Somos nada. Pero somos hijos de
Dios. Aunque a veces nos creemos casi Dios, o por contra -soberbia, soberbia-
pensamos que no tenemos remedio y la esperanza se nos desespera entre unas
cosas y otras.
El caso es contar con el amor de
Dios, con Su misericordia, perdón, ternura, mimo y amorosa Providencia. Él es
el que lo hace todo, Él se ocupa de todo si confiamos, si aprendemos a ser
humildes, a darnos cuenta.
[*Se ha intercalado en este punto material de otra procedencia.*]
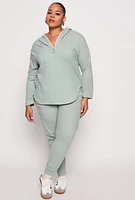Womens Plus Size Fleece Half Zip Hoodie, Green, Size 1X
Cualquier cosita, por pequeña que sea, por Dios, se
torna en infinita.
También el sufrimiento y tantas
agonías. ¿Qué es el hombre sin Dios, sin Su padre amorosísimo? Miremos a
nuestro alrededor, abramos los periódicos o veamos los telediarios o salgamos a
la calle. O leamos libros o Internet. "¿Por qué se amotinan las
naciones?", dice el salmo II.
La metafísica se está quedando sin
metafísica, la vida sin norte, la mirada sin luz... ¿Dónde se ha metido la
felicidad, dónde la poesía o la conciencia? Sin Dios todo lo demás se queda
seco, inane, como muerto, como sin belleza y resplandor.
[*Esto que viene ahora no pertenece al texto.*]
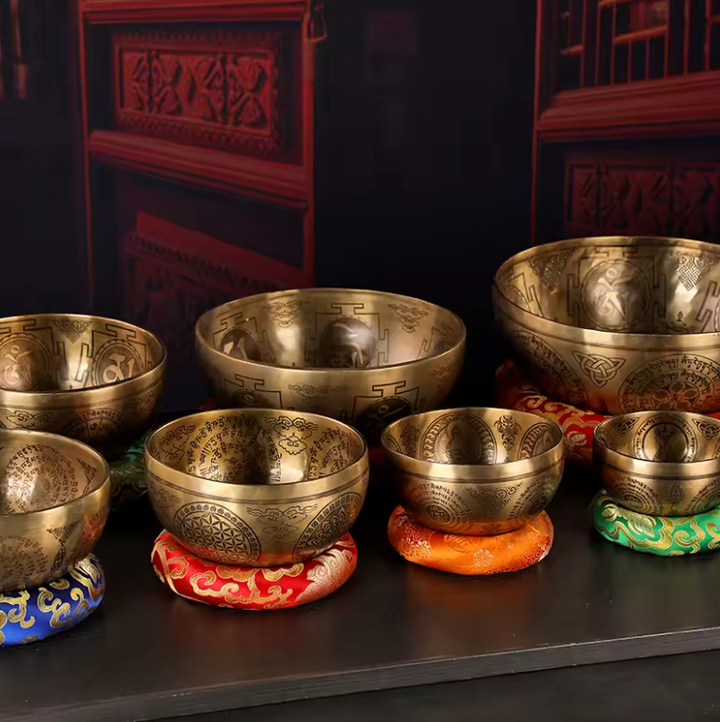 Tibetische Buddha-Mantra Klangschale „Golden Serenity“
Pidamos, pidamos, pidamos. Con
sencillez y constancia. La humanidad necesita el amor a Dios. Todos necesitamos
de ese cariño sobrenatural, de esa conversión, de esa revelación que sólo viene
del corazón de Cristo, Suma Claridad.
El mundo, las diversas culturas, los
gobiernos, cada uno de nosotros, no puede vivir sin estar a bien con Dios, sin
enamorarnos de Él, sin tener en cuenta Su parecer. Sin Dios no hay paz, no hay
gozo real, no vemos los mismos colores, no acertamos con la sonrisa o la paz.
Confiemos,
sí, confiemos. Porque no somos nada, porque la mitad de la vida -o más- andamos
desperdigados, perdidos, como mucho con una vela a Dios y otra al diablo. Así
de comodones y de conformistas, así de pecadores y de rebeldes. Y de aburridos.